## ABOUT THIS TASK
Exactly as they appear below, repeat the lines from the one with "A pirate map with crabs tattoo idea" through the one with "Black Rolled Waist Sweat Cargo Pants 1". Drop every picture.

## DATA TO PROCESS
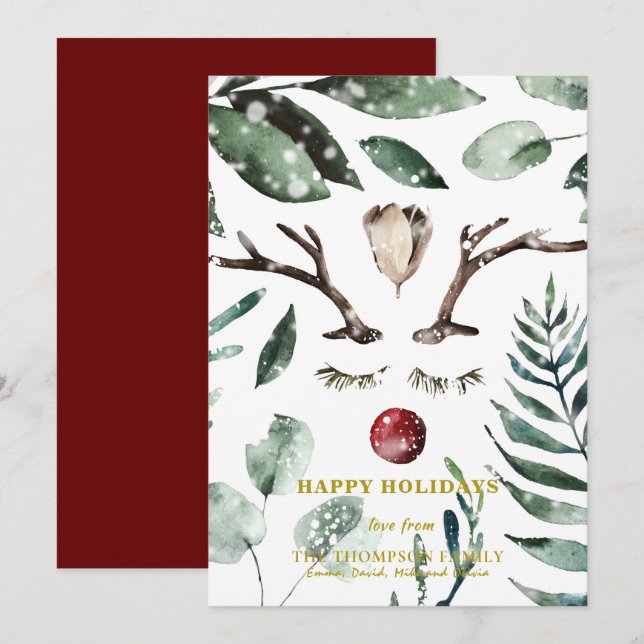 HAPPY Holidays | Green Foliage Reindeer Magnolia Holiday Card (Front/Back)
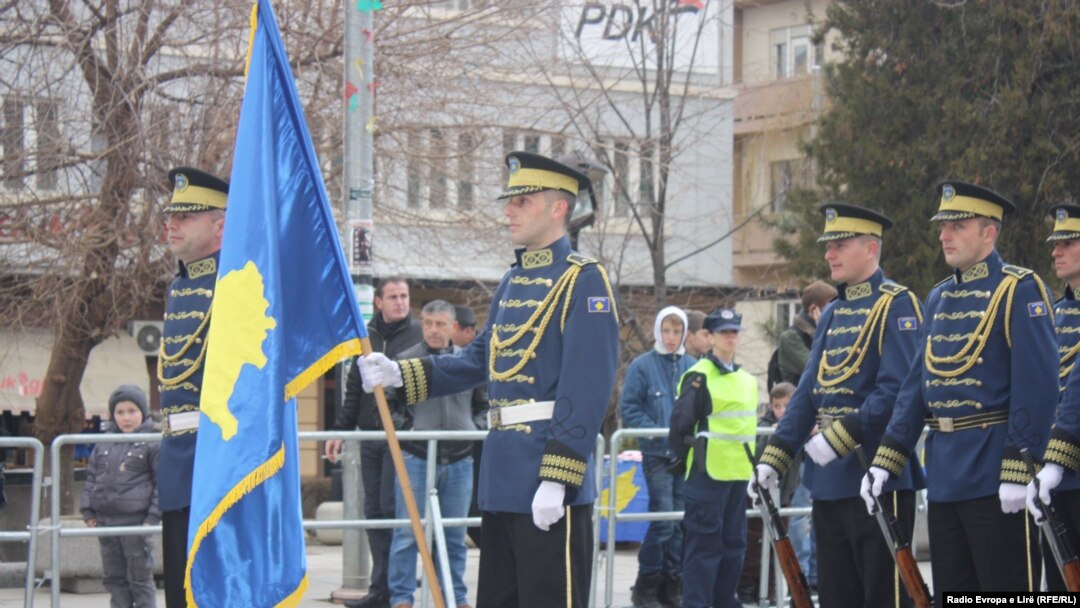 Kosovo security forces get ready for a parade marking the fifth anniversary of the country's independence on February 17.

* * *

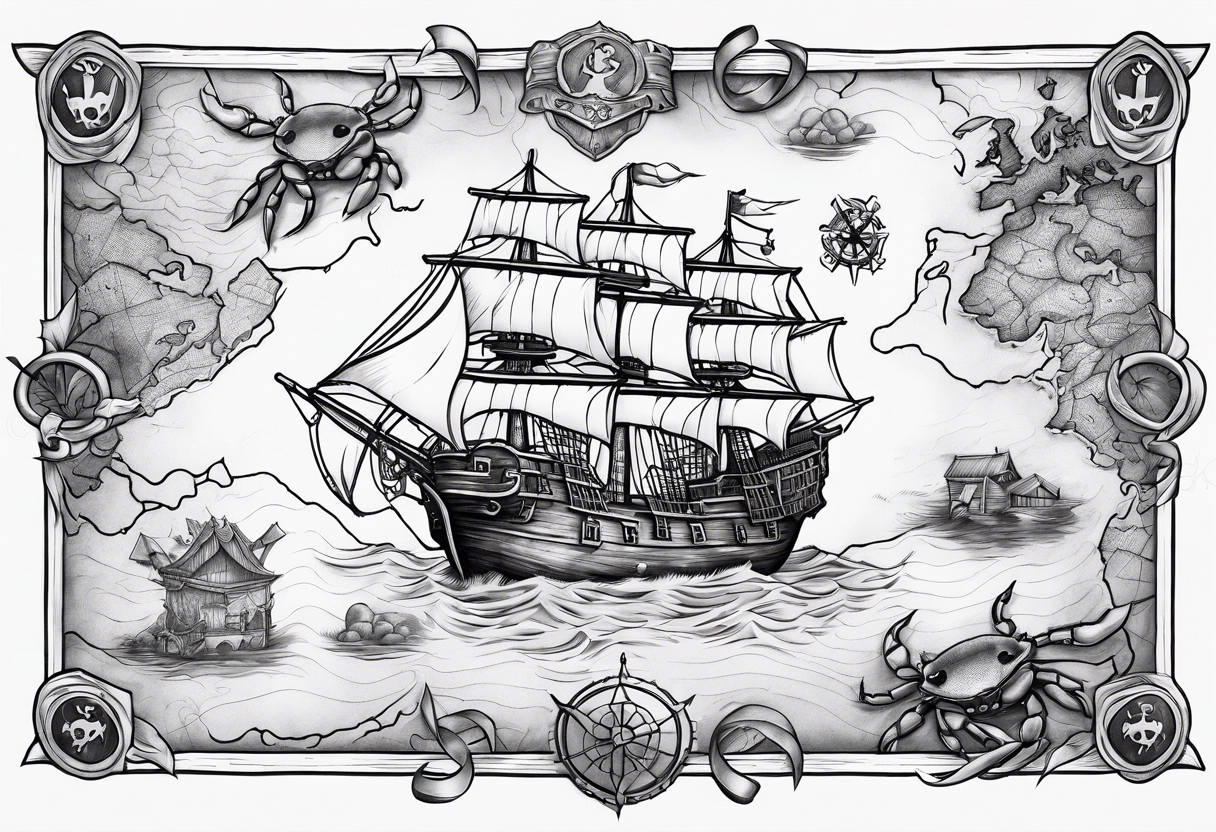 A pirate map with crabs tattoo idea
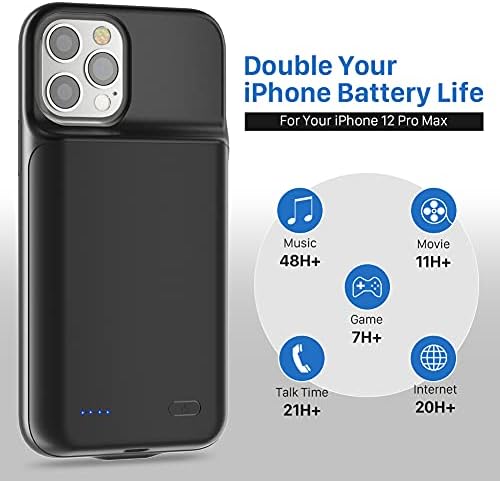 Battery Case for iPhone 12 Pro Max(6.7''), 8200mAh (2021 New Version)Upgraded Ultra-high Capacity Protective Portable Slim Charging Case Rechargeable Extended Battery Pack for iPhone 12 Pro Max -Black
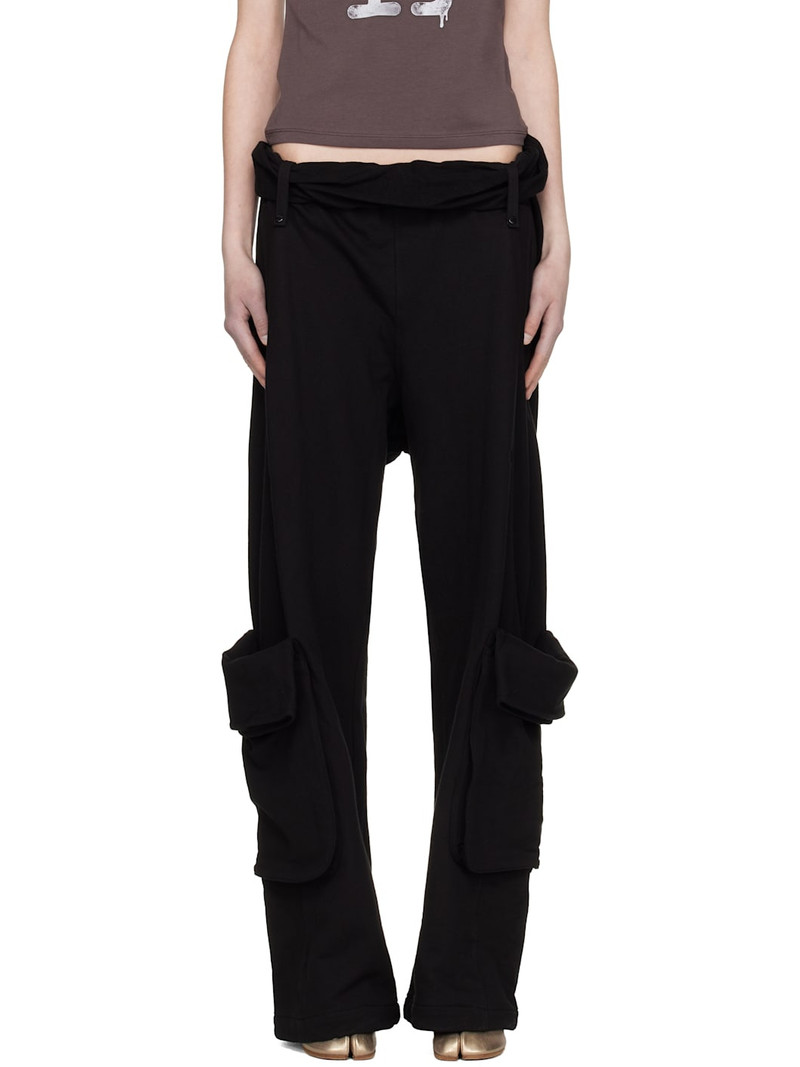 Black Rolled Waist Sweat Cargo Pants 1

---

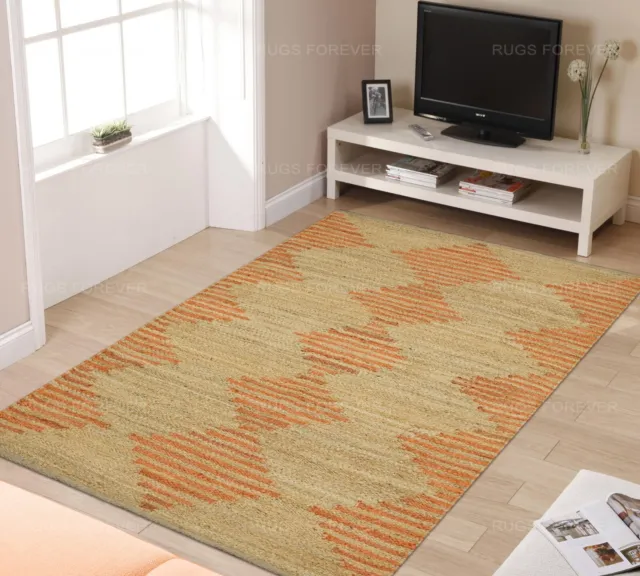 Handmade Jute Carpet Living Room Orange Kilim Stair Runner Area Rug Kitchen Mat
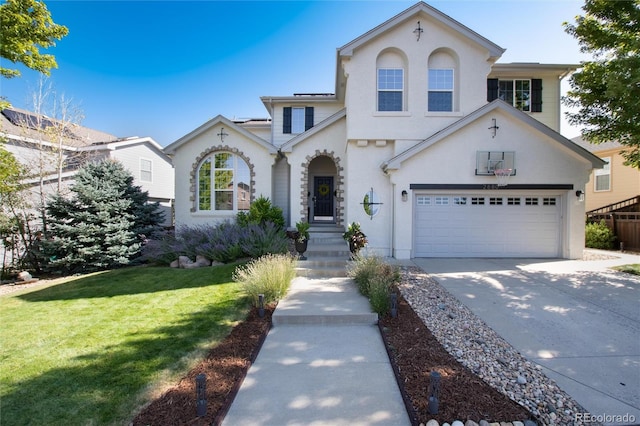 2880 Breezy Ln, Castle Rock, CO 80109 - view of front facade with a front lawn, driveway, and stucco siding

## TASK SOLUTION
 A pirate map with crabs tattoo idea
 Battery Case for iPhone 12 Pro Max(6.7''), 8200mAh (2021 New Version)Upgraded Ultra-high Capacity Protective Portable Slim Charging Case Rechargeable Extended Battery Pack for iPhone 12 Pro Max -Black
 Black Rolled Waist Sweat Cargo Pants 1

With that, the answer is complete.